#### [What to work on]
Find the line below with "Lightly used SHITURUI" and the line with "Italian Silver 18k". Output them and the lines between, exactly, but not the pictures.

#### [Source data]
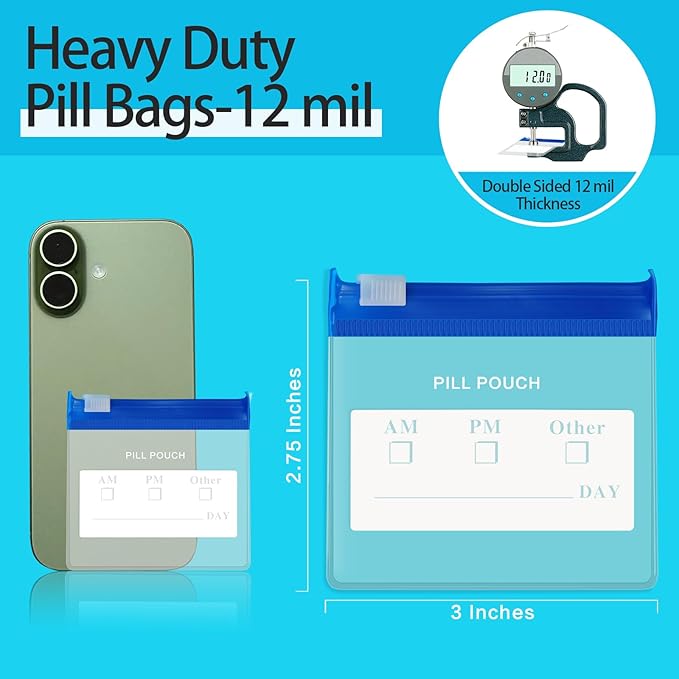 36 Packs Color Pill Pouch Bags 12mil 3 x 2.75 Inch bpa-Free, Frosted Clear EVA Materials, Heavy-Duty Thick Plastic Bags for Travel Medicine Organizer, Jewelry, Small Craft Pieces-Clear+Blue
* * *
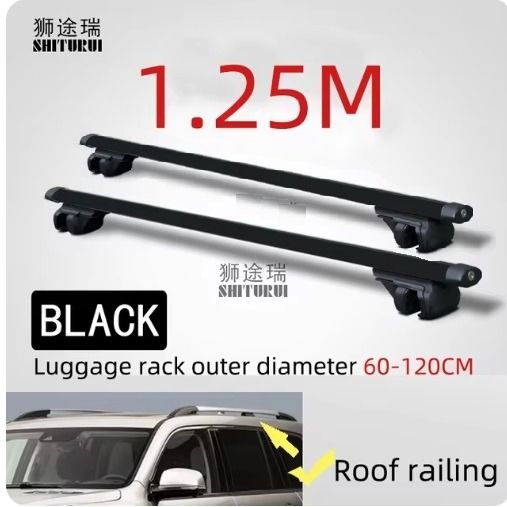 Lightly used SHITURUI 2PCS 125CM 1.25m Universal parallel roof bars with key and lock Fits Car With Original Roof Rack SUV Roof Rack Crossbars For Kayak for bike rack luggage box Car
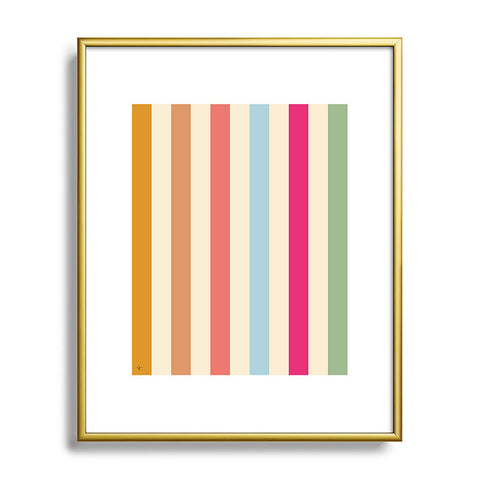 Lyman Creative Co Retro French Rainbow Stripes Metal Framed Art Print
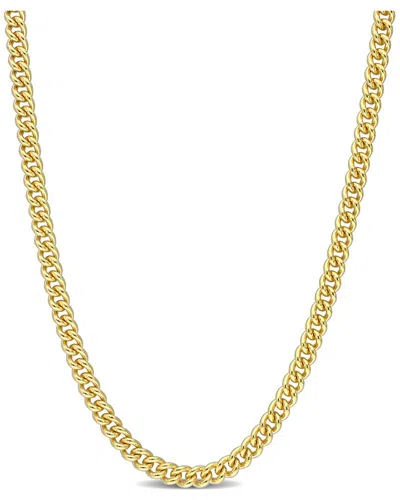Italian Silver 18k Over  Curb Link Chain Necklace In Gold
* * *
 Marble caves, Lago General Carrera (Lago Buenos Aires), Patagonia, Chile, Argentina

#### [Exercise result]
 Lightly used SHITURUI 2PCS 125CM 1.25m Universal parallel roof bars with key and lock Fits Car With Original Roof Rack SUV Roof Rack Crossbars For Kayak for bike rack luggage box Car
 Lyman Creative Co Retro French Rainbow Stripes Metal Framed Art Print
Italian Silver 18k Over  Curb Link Chain Necklace In Gold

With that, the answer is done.